The Game Played On. The Future Was in the Ads. Pasifika and Crypto in 2025

While fans tuned in for hits and highlights, crypto quietly claimed prime time - and most missed it.


Anyone who watched the broadcast of the hugely celebrated recent Toa Samoa vs MMT Tonga National Rugby League Pacific Championship game in Brisbane would’ve either noticed this — or completely missed it.


The video replays and highlights were preceded by Swyftx crypto ad stings.


Bitcoin. Ethereum. Front and centre.


Yet in my constant advocacy of this space over the past few years, most people in my Moana Pasifika community still dismiss it as a scam, a Ponzi scheme — a passing fad that will disappear.


So while many in our community remain skeptical, the rest of the world is quietly moving forward in front of our faces.


Blockchain is no longer “on the way.”


It’s already here — going mainstream. Embedded. Inevitable.


Literally moving into sporting and financial spaces our Moana Pasifika diaspora know well.

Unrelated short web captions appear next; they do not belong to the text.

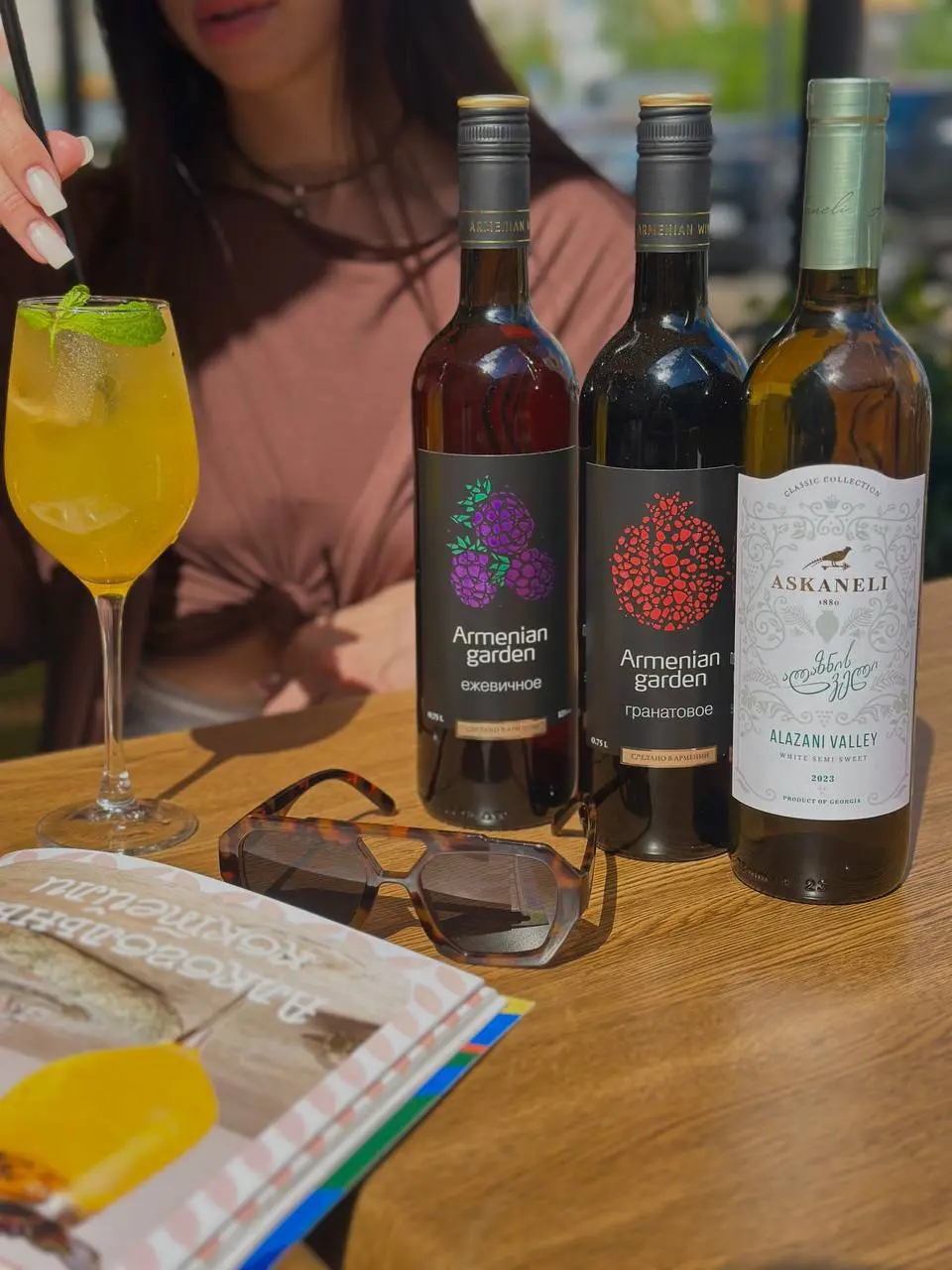 Аджикинежаль — вкус Грузии в Барнауле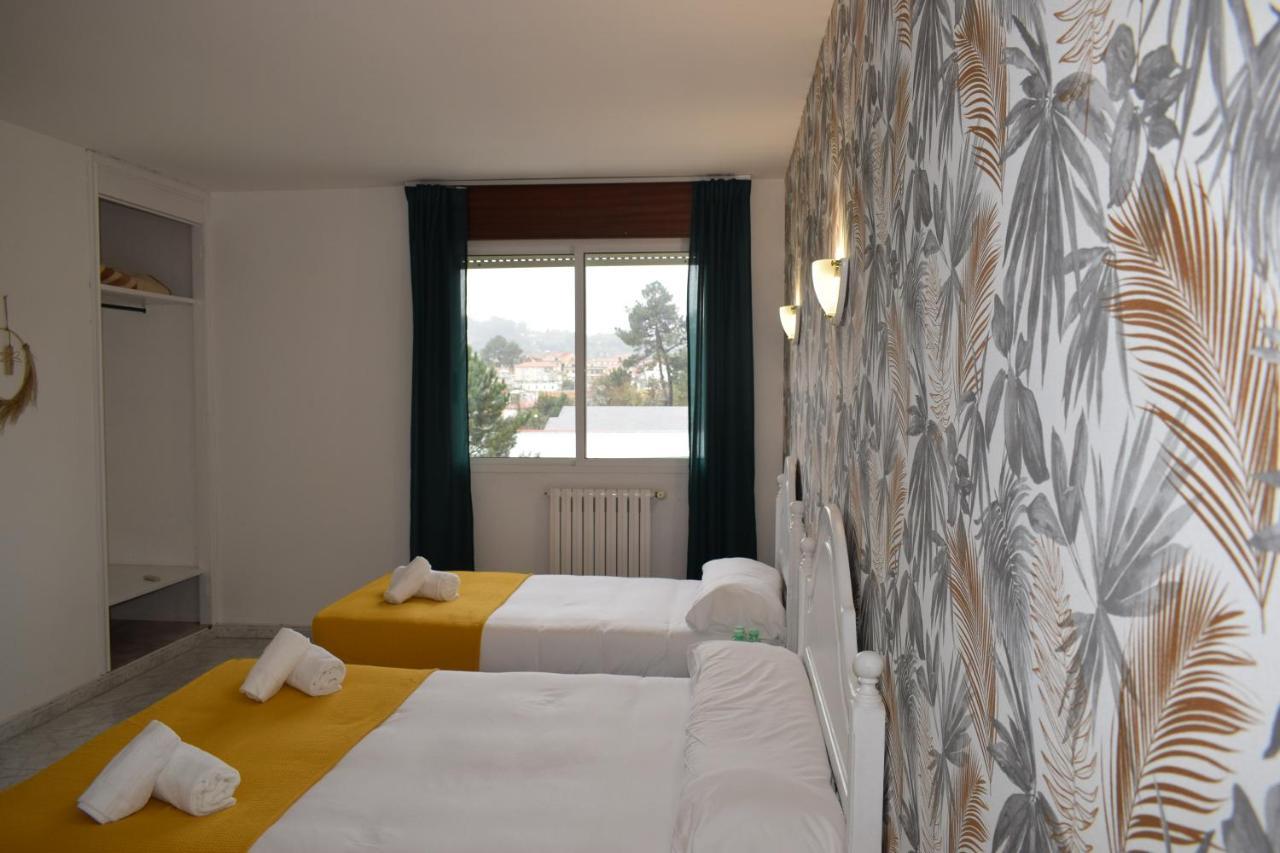 Hotel Xunca Blanca Vilalonga Kültér fotó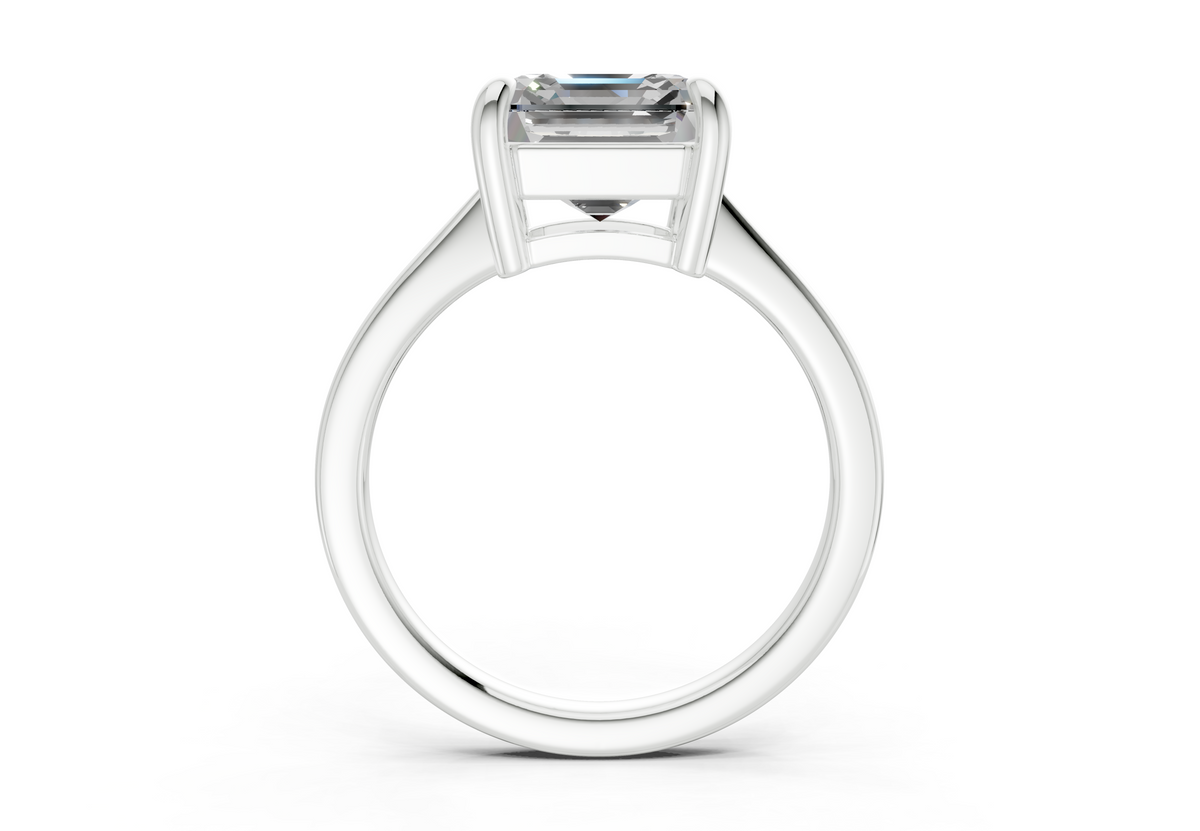 The Gramercy Signature Engagement Ring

Visa and Mastercard are literally building with blockchain now.

Western Union — used heavily by our diaspora and families for remittances — is now partnering with Solana.

Global financial infrastructure is being rebuilt in real time.


And yet still — lack of interest or urgency from our institutions and leadership.


As artists, our job has never been to chase trends —

It’s to anticipate shifts, to imagine the unseen, to acknowledge what was, what is, and what could be.

To predict what’s coming, and to help communities make sense of it.

To make art that demonstrates it or comments on it.


Many of the spaces I’ve advocated for crypto and blockchain in — creative institutions, cultural orgs, education — are understandably tethered to centralized systems and funding.

Systems that rely on predictability and the status quo for their survival.


That’s why the pushback against decentralisation was understandable and expected.

But they seriously, really need to pay attention.


For every action, there is an equal and opposite reaction.


The global collapse in trust across centralised media, governments, and Big Tech has sparked this opposite force of decentralisation.


Bitcoin — the most decentralised technology on the planet — is now mainstream in front of Pacific audiences, and yet most will still dismiss it.


We’re not just watching the future unfold — We’re watching it try to include us.


The question is:

Will we get in the game — or just watch the replays?